Surgiu como um prolongamento do Largo da Ordem, com seu crescimento limitado por condições geográficas (as bacias do Rio Belém e do Rio Ivo). Na década de 1830, sua denominação era Rua do Hospício por abrigar o Hospício dos padres da ordem de São Francisco das Chagas. O primeiro registro que encontramos da rua com o nome de Rua do Fogo é de 1835, em uma ata da Câmara Municipal de Curitiba.
Na década de 1850, as vias consideradas mais importantes e com maior circulação de pessoas na cidade de Curitiba eram 12, todas no entorno do que hoje chamamos de centro histórico:
Rua Direita, Rua do Rosário,
Rua da Entrada,
Rua
Fechada,
Estrada da Marinha, Rua da Carioca, Rua do Nogueira, Rua do Comércio,
Rua das Flores,
Rua do Saldanha,
Rua da Assembleia e a
Rua do Fogo. Esta última é a atual Rua São Francisco.
Rua do Fogo
À época (século XIX), ela levava esse nome por conta da “balbúrdia” que nela acontecia, conforme relata Valério Hoerner Júnior em seu livro “Ruas e Histórias de Curitiba”:
As profissionais do ramo (prostitutas), portanto, aglomeravam-se naquela rua sem que a administração municipal as contivesse ou reunisse forças para conter tão inacreditável ousadia. A rua passou a pertencer a ninguém e mesmo aqueles que possuíam direitos imobiliários tratavam logo de procurar outra freguesia. O nome porém era oficioso. Do fogo por causa da balbúrdia, mas como se encontrava em estado rudimentar de urbanização, seria bem melhor que ficasse por ali mesmo, sem misturanças desagradáveis. Afinal, Curitiba era uma cidade com reputação ilibada (p. 65).

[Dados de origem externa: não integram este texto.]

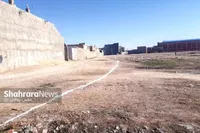 زمین های رها شده محله پورسینای مشهد و تردد دانش آموزان در اراضی خاکی | ۱۰۰  متر خاکی تا مدرسه!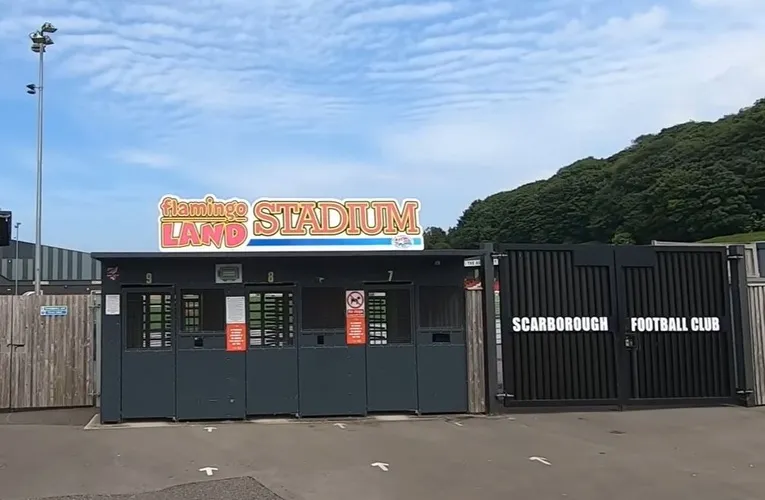 Lối vào chính sân vận động Flamingo Land, sân nhà của Scarborough Athletic FC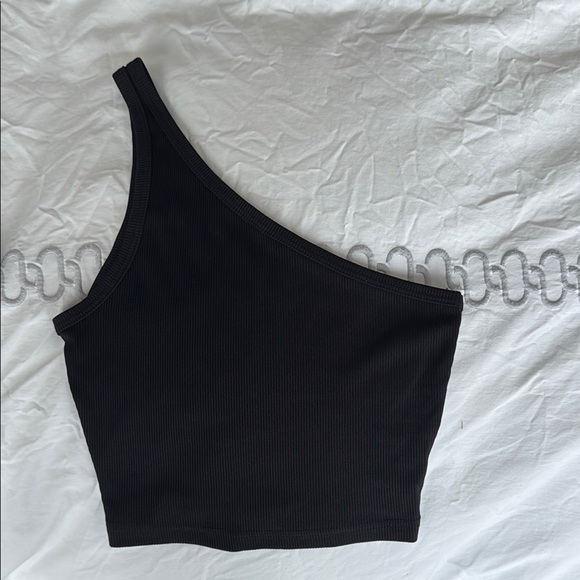 Black One-Shoulder Ribbed Top - Picture 1 of 3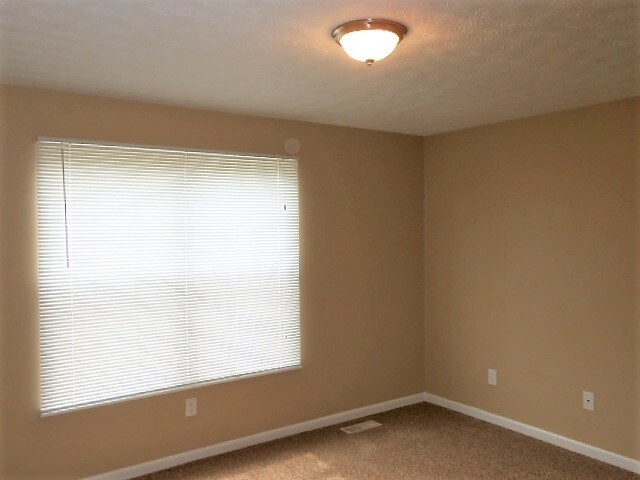 Building Photo - 2464 Miami Village Dr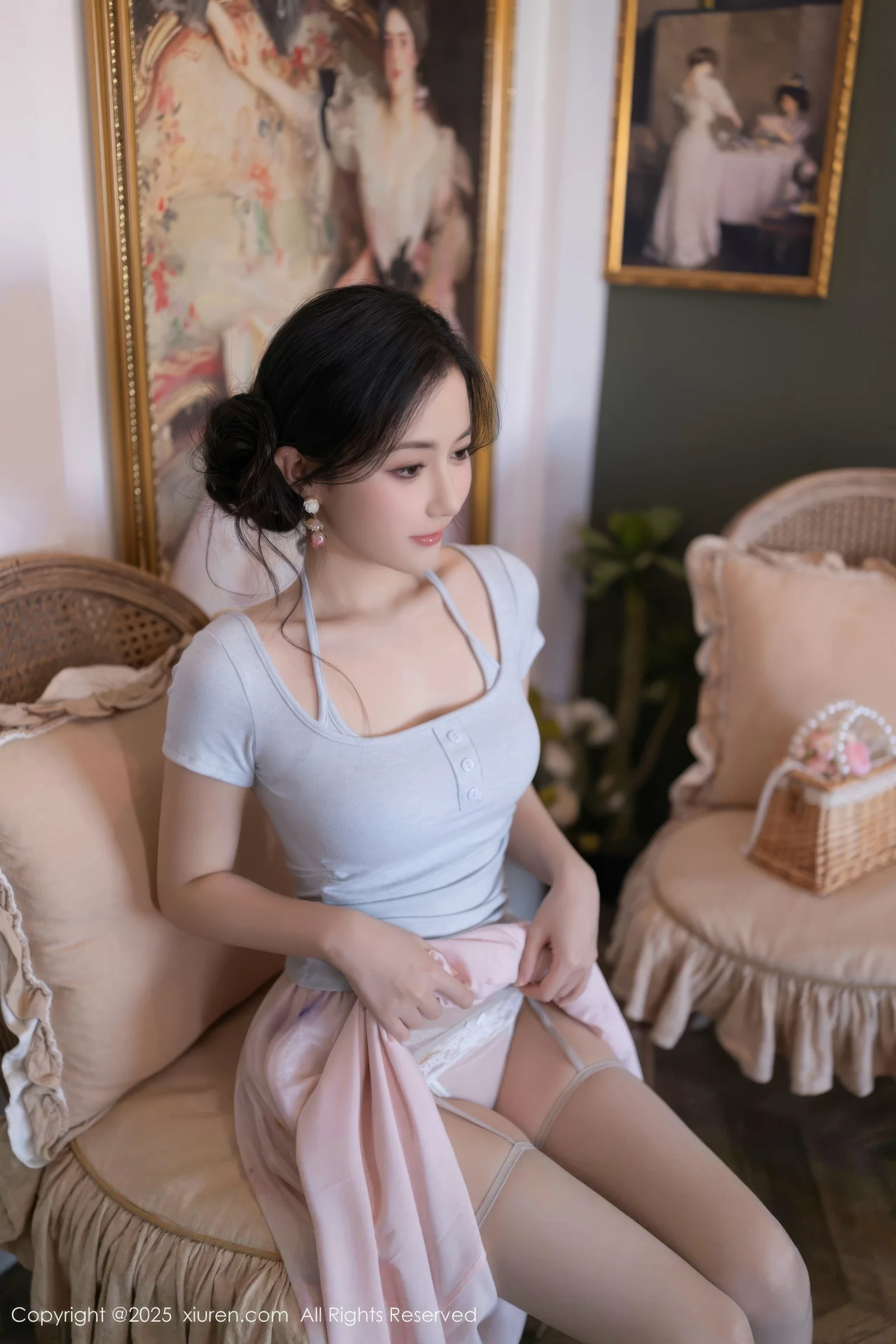 [[XiuRen秀人网]秀人网]No.10656_模特鱼子酱Fish性感粉色薄纱裙露开档肉丝秀曼妙身姿诱惑写真80P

Na década de 1860 podemos observar iniciativas que tinham como objetivo dar um novo aspecto à tão mal falada Rua do Fogo. A começar por uma obra de aterro e empedramento macadamizado da Rua do Fogo, que começou a ser discutida entre 1863 e 1864. Sua pavimentação é uma das primeiras da capital e a rua segue até hoje ladrilhada de pedras, sem ser asfaltado, o que a faz ser um dos últimos remanescentes da paisagem colonial brasileira em Curitiba. Outro remanescente da paisagem colonial que também está na hoje Rua São Francisco é a Casa Romário Martins, cuja história você pode conferir
clicando aqui.
Na mesma linha de raciocínio de promover uma mudança na rua, alterou-se o seu nome em 1871, quando passou a se chamar Rua de São Francisco, em alusão à Igreja da Ordem, cujo nome oficial é Igreja da Ordem Terceira de São Francisco das Chagas. Essa mudança buscou também, através do respeito que o catolicismo e o nome do Santo impunham, moralizar a rua e a região.
Além disso, a rua tinha também muitos comércios, como podemos atestar por anúncios de jornais de época, que iam desde a venda de escravizados, restaurantes, hotéis, até roupas e porcelanas.
Ao longo de sua história a rua sempre teve um aspecto mais comercial do que residencial. No século XX, quando a rua já se chamava São Francisco, surgem alguns edifícios e empreendimentos que até hoje estão na paisagem urbana da rua.
Livraria João Haupt
Um desses empreendimentos é o da Livraria e Papelaria João Haupt, uma das mais antigas e tradicionais de Curitiba. A papelaria continua no mesmo lugar e no mesmo edifício, porém com modificações. Hoje ela ocupa a esquina da Rua São Francisco com a Barão do Serro Azul, coisa que não acontecia antigamente e se tornou possível devido à demolição de um prédio que ficava na esquina, onde funcionou uma das primeiras sedes do Clube Curitibano na década de 1880, segundo a historiadora Cassiana Lacerda.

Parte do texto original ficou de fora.